I’ve got a couple things for you today. First, a lovely, evocative poem from today’s Writer’s Almanac, “Durum Wheat,” with some “forgetting the self” overtones. And that’s the second offering – some study resources related to what I mentioned a few days ago – Sen’ne said that “forgetting the self” was “knowing without touching things,” a reference to a line from Hongzhi’s “Zazenshin” poem. Below that you’ll find Dogen’s comments on Hongzhi’s poem.
Dogen suggests that knowing without touching things (a.k.a., forgetting the self) is (among other things), “sitting and breaking skin born of mother” – a wonderful call to wholeheartedness.

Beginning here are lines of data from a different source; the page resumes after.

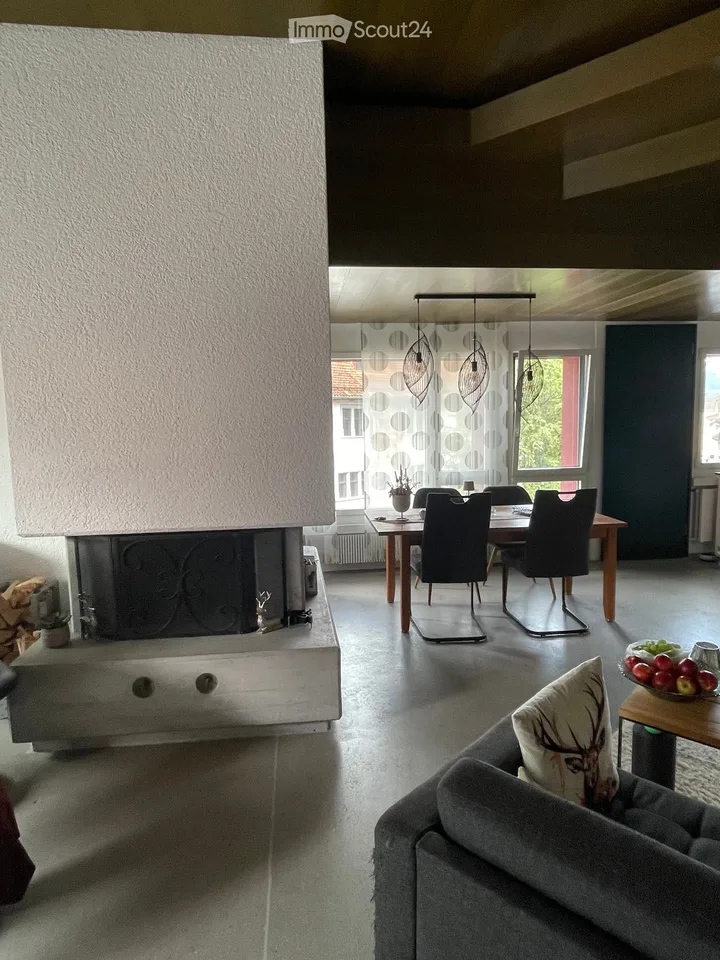 Bright 4.5-room apartment with two balconies and beautiful views at Alter Postplatz in Stans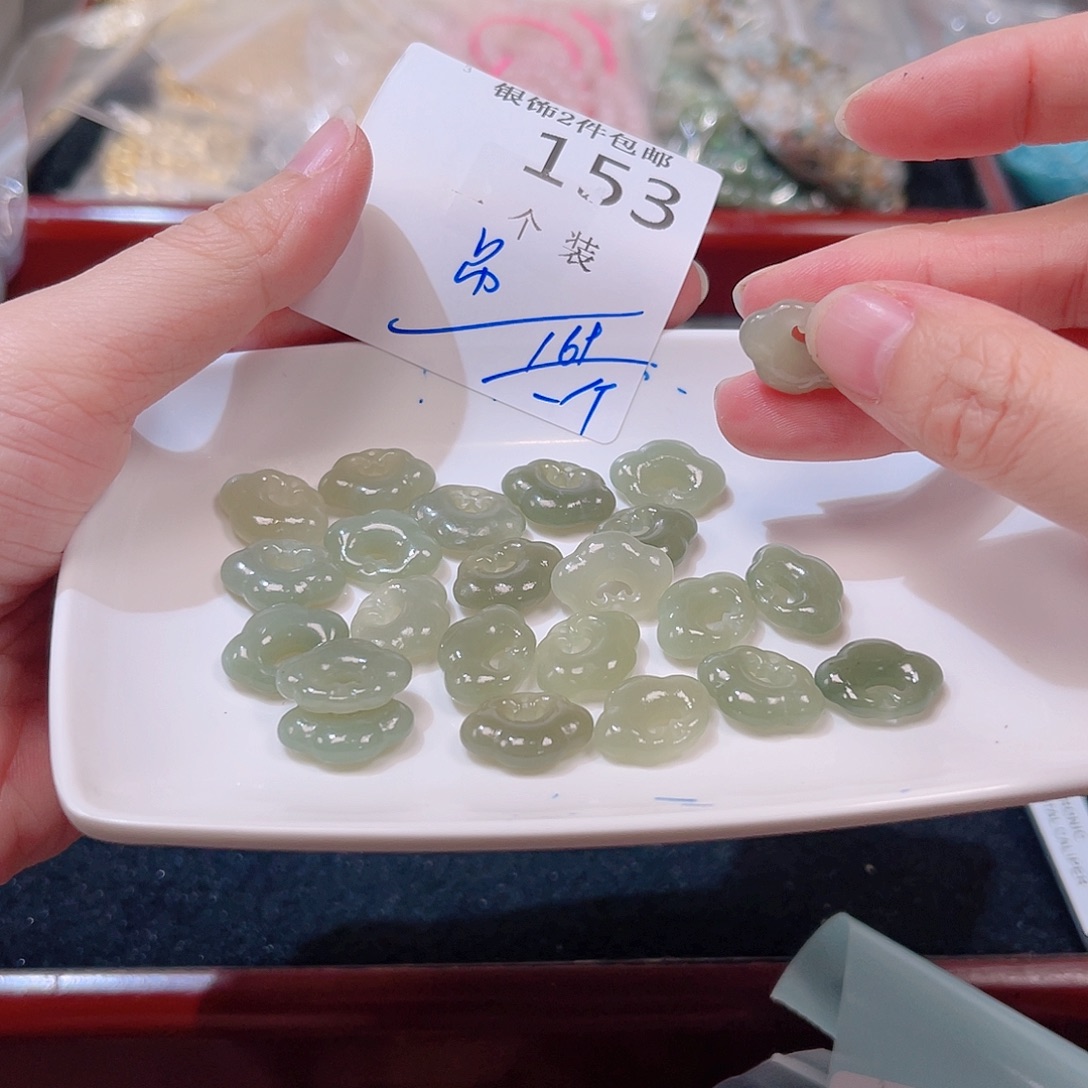 未镶嵌珠宝半成品水晶153 。  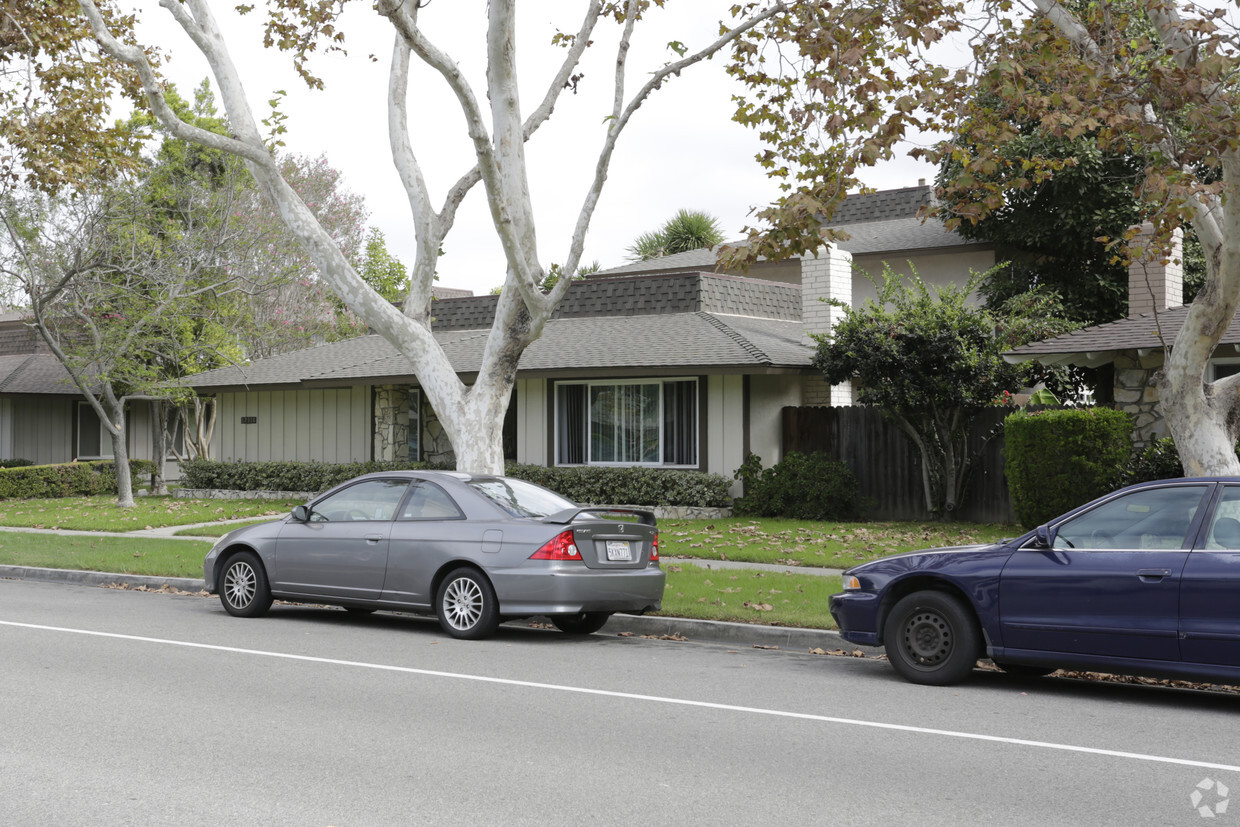 Building Photo - 17316 San Mateo St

Enjoy.
by Lisa Martin-Demoor
—no photographs, no diaries—
nothing to pin the past on the present with, to make it stick.
Just because you’ve got this idea
of red fields stretching along the tertiary roads
of Saskatchewan, like blazing, contained fires —
just because somewhere in your memory
there’s a rust-coloured pulse
taking its place among canola yellow
and flax fields the huddled blue of morning azures—
just because you want to
doesn’t mean you can
build a home for that old, peculiar ghost.
Someone tells you you’ve imagined it,
that gash across the ripe belly of summer,
and for a year, maybe two, you believe them.
Maybe you did invent it, maybe as you leaned,
to escape the heat, out the Pontiac’s backseat window
you just remembered it that way
because you preferred the better version.
Someone tells you this.
But what can they know of faith?
To ask you to leave behind this insignificance.
This innocence that can’t be proved: what the child saw
of the fields as she passed by, expecting nothing.
You have to go there while there’s still time.
Back to the red flag of that field, blazing in the wind.
While you’re still young enough to remember
a flame planted along a road. While you’re still
seeing more than there is to see.
Excerpt from Hongzhi’s “Zazenshin:”
Essential function of buddha after buddha,
Functioning essence of ancestor after ancestor
It illumines without facing objects.
Knowing without touching things,
Its knowing is inherently subtle….
And Dogen from his commentary on “Zazenshin:”“It knows without touching things.” “Knowing” does not mean perception; for perception is of little measure. It does not mean understanding; for understanding is artificially constructed. Therefore, this “knowing” is “not touching things”, and “not touching things” is “knowing.” [Such “knowing”] should not be measured as universal knowledge; it should not be categorized as self-knowledge. This “not touching things” means “When they come in the light, I hit them in the light; when they come in the dark, I hit them in the dark.” It means “sitting and breaking the skin born of mother.”